Cette évaluation permettra de fixer le montant du reçu à des fins fiscales. Comme pour un don en argent, ce reçu vous donnera droit à un crédit combiné (Québec-Ottawa) de 32,5 % sur la première tranche annuelle de 200 $ de don, puis de 48,2 % sur l’excédent (et même 53,3 % pour les contribuables au taux marginal le plus élevé).
Super ! Mais à qui donner vos tableaux, sculptures et autres trésors ? « Il faut s’assurer d’approcher la bonne institution pour la bonne œuvre », répond Emilie L. Cayer, PDG de la Fondation du Musée national des beaux-arts du Québec (MNBAQ).
Le Musée dépend énormément des donateurs pour développer sa collection qui compte près de 40 000 œuvres. « On doit compter sur la générosité des gens et sur le flair des donateurs », avoue Mme Cayer.
Mais l’écrémage est essentiel, car l’institution doit ensuite assurer la conservation des œuvres acquises. Le MNBAQ se concentre donc sur des acquisitions stratégiques qui complémentent bien sa collection. Sur quelque 3000 propositions reçues en 2019-2020, il a acquis 252 pièces d’une valeur de 2,2 millions de dollars pour les dons et 800 000 $ pour les achats.
Pour en avoir le cœur net, les donateurs doivent d’abord remplir un formulaire de proposition de don disponible sur l’internet. Le processus, qui peut durer entre trois mois et un an, compte plusieurs étapes : analyse par le comité d’acquisition interne ; évaluation de la condition de l’œuvre ; évaluation de la valeur marchande par un expert indépendant ; recommandation d’un comité consultatif externe ; décision par le conseil d’administration qui donne la bénédiction finale.
Ensuite, une convention de don peut être signée. Mais attention : le don a le même effet fiscal qu’une vente pure et simple. « Il y a une possibilité que ça déclenche des impôts pour le donateur, impôts qui pourraient être épongés par le crédit pour don », explique Me Maude Caron-Morin, associée fiscaliste au cabinet Therrien Couture Jolicœur.
Prenons un exemple.

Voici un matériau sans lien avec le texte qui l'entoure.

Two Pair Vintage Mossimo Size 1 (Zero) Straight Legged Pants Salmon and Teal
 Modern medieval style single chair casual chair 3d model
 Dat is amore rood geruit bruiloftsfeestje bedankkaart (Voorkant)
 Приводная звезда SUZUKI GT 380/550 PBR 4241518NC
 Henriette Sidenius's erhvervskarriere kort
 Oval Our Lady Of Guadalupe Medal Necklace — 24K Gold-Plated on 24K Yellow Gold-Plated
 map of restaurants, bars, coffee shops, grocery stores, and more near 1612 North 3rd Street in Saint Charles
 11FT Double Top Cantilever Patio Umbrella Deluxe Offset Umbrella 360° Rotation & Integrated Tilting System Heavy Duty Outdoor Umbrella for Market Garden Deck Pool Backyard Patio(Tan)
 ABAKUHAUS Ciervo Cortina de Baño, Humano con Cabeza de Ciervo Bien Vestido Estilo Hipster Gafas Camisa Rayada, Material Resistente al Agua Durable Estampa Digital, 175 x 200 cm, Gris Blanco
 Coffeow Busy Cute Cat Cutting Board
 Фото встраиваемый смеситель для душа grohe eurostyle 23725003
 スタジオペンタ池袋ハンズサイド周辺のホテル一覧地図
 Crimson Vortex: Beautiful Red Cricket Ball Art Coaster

Disons qu’Alain a payé seulement 1000 $ il y a 20 ans pour un tableau qui vaut désormais 25 000 $. Son gain en capital s’élève donc à 24 000 $. Comme seulement la moitié d’un gain en capital est assujettie à l’impôt, il devra payer de l’impôt sur 12 000 $, ce qui déclenchera une facture fiscale de 6000 $ si son taux d’imposition marginal est de 50 %. Mais d’autre part, son crédit sera calculé sur 25 000 $, ce qui lui permettra d’économiser environ 12 500 $ d’impôts.
Cela dit, il n’y a pas d’impôt à payer sur le gain en capital si vous avez donné un « bien culturel » reconnu par la Commission canadienne d’examen des exportations de biens culturels. On parle ici de biens (ex. : art décoratif, beaux-arts, archives, instruments de musique, collection audiovisuelle) qui présentent un intérêt exceptionnel pour le patrimoine artistique.
Québec offre d’autres mesures pour favoriser les dons culturels.
Si vous avez fait don d’une œuvre d’art à une institution muséale québécoise, c’est-à-dire à un musée situé au Québec ou une institution muséale reconnue, le montant admissible de votre don peut être augmenté de 25 %, explique Revenu Québec.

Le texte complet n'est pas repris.